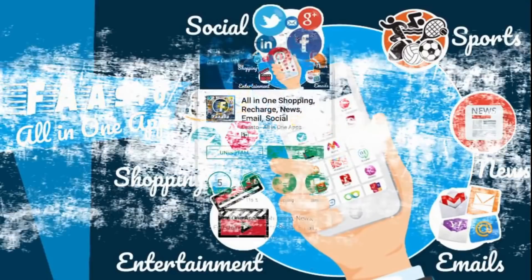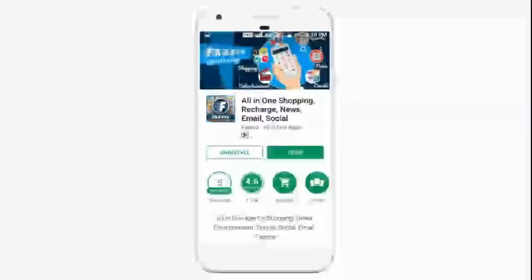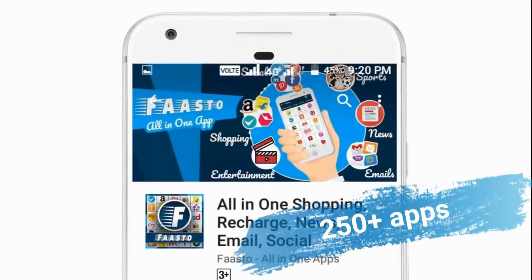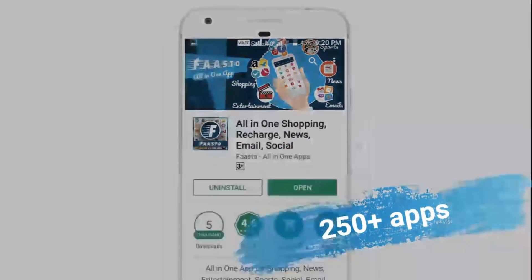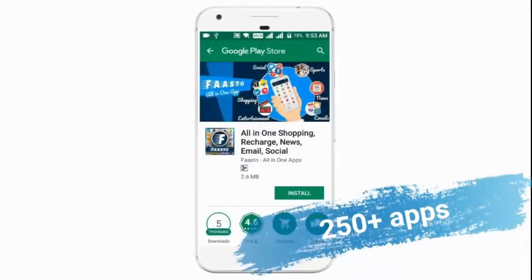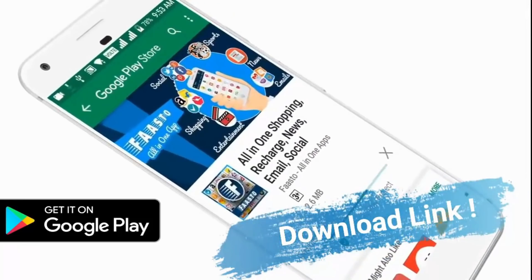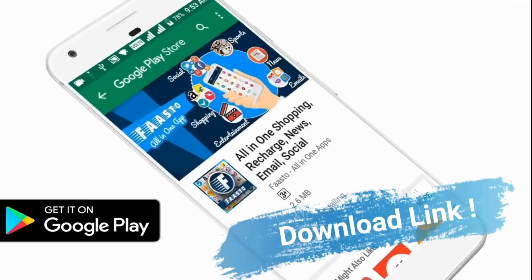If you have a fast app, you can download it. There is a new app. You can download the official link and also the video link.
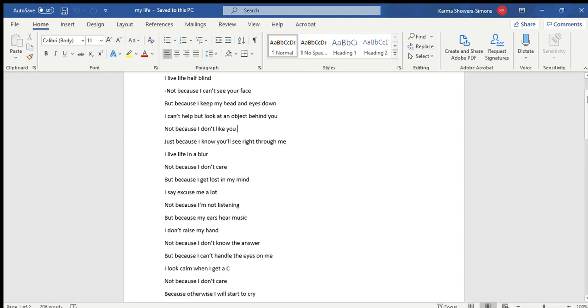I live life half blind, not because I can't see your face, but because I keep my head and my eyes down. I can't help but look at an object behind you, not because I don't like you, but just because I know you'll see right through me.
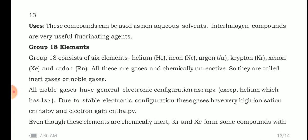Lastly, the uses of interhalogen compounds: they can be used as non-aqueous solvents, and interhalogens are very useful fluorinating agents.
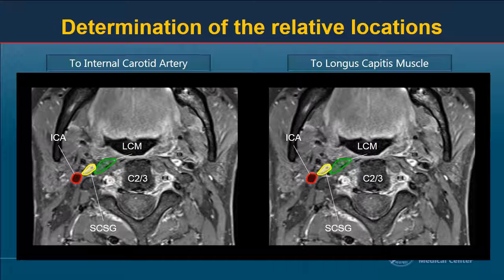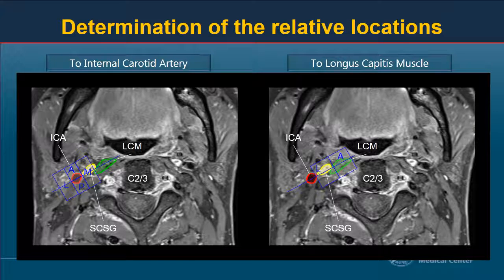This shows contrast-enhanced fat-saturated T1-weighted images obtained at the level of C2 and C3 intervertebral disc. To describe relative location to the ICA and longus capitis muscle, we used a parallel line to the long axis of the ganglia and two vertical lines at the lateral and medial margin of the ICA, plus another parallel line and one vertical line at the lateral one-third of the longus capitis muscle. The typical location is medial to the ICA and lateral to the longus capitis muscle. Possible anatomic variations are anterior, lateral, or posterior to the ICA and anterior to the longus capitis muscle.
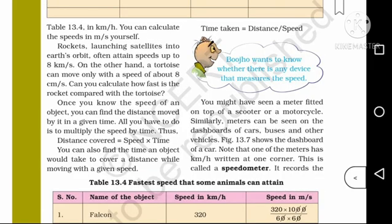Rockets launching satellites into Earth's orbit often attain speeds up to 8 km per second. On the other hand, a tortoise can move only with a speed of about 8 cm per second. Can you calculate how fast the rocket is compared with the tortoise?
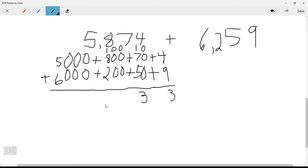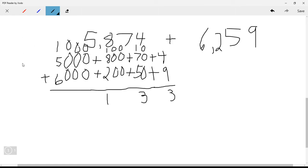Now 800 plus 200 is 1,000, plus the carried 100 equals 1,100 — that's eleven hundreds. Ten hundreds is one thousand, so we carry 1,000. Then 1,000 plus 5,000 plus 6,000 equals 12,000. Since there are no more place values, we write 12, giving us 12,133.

## What the task requires:
Transcribe only the lines from the line holding "Lastly, the uses" to the final line of the listing above. Keep them exact, include both ends, and skip the pictures.

## Solved exercise:
Lastly, the uses of interhalogen compounds: they can be used as non-aqueous solvents, and interhalogens are very useful fluorinating agents.
This shows contrast-enhanced fat-saturated T1-weighted images obtained at the level of C2 and C3 intervertebral disc. To describe relative location to the ICA and longus capitis muscle, we used a parallel line to the long axis of the ganglia and two vertical lines at the lateral and medial margin of the ICA, plus another parallel line and one vertical line at the lateral one-third of the longus capitis muscle. The typical location is medial to the ICA and lateral to the longus capitis muscle. Possible anatomic variations are anterior, lateral, or posterior to the ICA and anterior to the longus capitis muscle.
Rockets launching satellites into Earth's orbit often attain speeds up to 8 km per second. On the other hand, a tortoise can move only with a speed of about 8 cm per second. Can you calculate how fast the rocket is compared with the tortoise?
Now 800 plus 200 is 1,000, plus the carried 100 equals 1,100 — that's eleven hundreds. Ten hundreds is one thousand, so we carry 1,000. Then 1,000 plus 5,000 plus 6,000 equals 12,000. Since there are no more place values, we write 12, giving us 12,133.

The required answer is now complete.